You are right of course, talking and doing are two different things, it's just the whole idea behind animal worship that bugs me. Unfortunately I see modern America moving in that direction.

To the OP, I hope you find justice.


----------



## Mr Muleskinner (Feb 14, 2012)

Airborne said:


> You are right of course, talking and doing are two different things, it's just the whole idea behind animal worship that bugs me. Unfortunately I see modern America moving in that direction.
> 
> To the OP, I hope you find justice.


I have the same hangups. We have had to put down one dog in the past 6 months and have another one that will be put down within the next two or so. I fully appreciate the fact that they become "part of the family".

That said, my sister just put down a dog on Monday that they have had for 14 years. Tough going? You bet. Not fun at all. For the past two days though I have heard comments like "it's like burying a loved one" or worse yet "it's like burying a child"................sorry it's not. Not even close. It is an animal. It is a dog. I would sooner bury a dog a day than to ever have to bury one of my kids.


----------



## 3arabians (Dec 9, 2014)

Well said Mr Muleskinner


----------



## Bucksnort (Nov 15, 2007)

utahgolf said:


> This is what every sane and logical person would do. I'm positive when it comes down to it, people on these forums who say otherwise really don't mean it and wouldn't want to spend their lives in prison.... I don't even have dogs, even though I like to chukar hunt ;-) but if someone killed them I could tell you in an alternate universe they would meet the same fate. But in this universe I would do exactly what you said to do.

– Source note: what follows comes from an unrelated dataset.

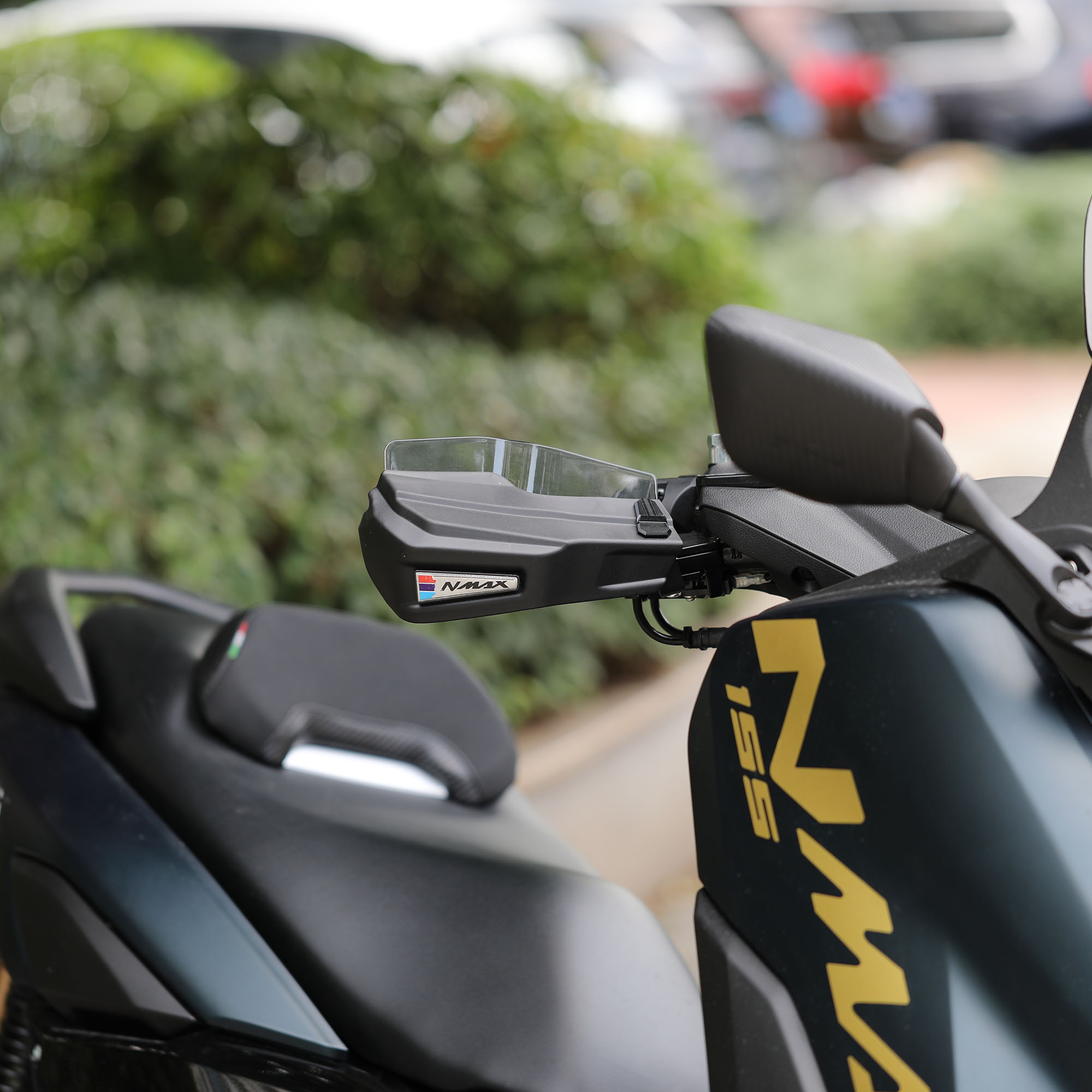 YAMAHA（ヤマハ） ホンダ PCX 150 160 ハンドルカバー ガード バイク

 I agree. I would have to hold back because when it is all said and done, it is still a dog. Dogs come and go in our life. Some more quickly than we would like. My dad is more attached to his animals. I hope he does not encounter the person who did this.

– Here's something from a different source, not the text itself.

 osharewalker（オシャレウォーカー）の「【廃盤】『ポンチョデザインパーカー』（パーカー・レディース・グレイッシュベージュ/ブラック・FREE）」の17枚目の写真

One challenge we have found is none of the law enforcement agencies really seem to care. After finding his dog, he immediately drove her down to the sheriffs office and they were quite dismissive and uncaring. They were even a bit snarky according to his words. They were not really interested in looking into it. So he is just left with a dead dog and no way to really address it.

I am looking for info so we can take it to LE so maybe they will show a little more interest because the individual who did this is a menace to society and a sociopath IMO.


----------



## Bucksnort (Nov 15, 2007)

It seems like it would be a pretty small chance that someone would be driving in from out of the area said:


> The guy's note said he saw my dad and his dog on a game camera.


----------



## bowgy (Oct 10, 2007)

Bucksnort said:


> The guy's note said he saw my dad and his dog on a game camera.


This guy sounds scary and dangerous, I hope they catch him before he harms someone or something else.


----------



## phorisc (Feb 2, 2011)

thats messed up...get some surveillance put in and find out who it is...evidence will be key to locking this guy up.


----------



## Huge29 (Sep 17, 2007)

Sorry to hear that, pretty disappointing to find such an apathetic law enforcement group. Would they not even file a report? It might be interesting to meet with the sheriff himself, someone who does answer directly to the people??


----------



## Packfish (Oct 30, 2007)

I would certainly be filing a report-
to say I would off the SOB would be wrong. I would be hunting the SOB down though with every ounce of my being and wallet- To say it's not like losing a loved one- you are right- been there- to say I wouldn't beat him- that's entirely another story.


----------



## Dukes_Daddy (Nov 14, 2008)

What happened to the Lion that crazy assed rancher had? Find the guy, get the lion, big barn, sell tickets. Just like the Romans waging Christians versus Lion matches.


----------



## redleg (Dec 5, 2007)

A guy with his mental disorder is not going to restrict himself to only harming animals.


----------



## 3arabians (Dec 9, 2014)

Drama......


----------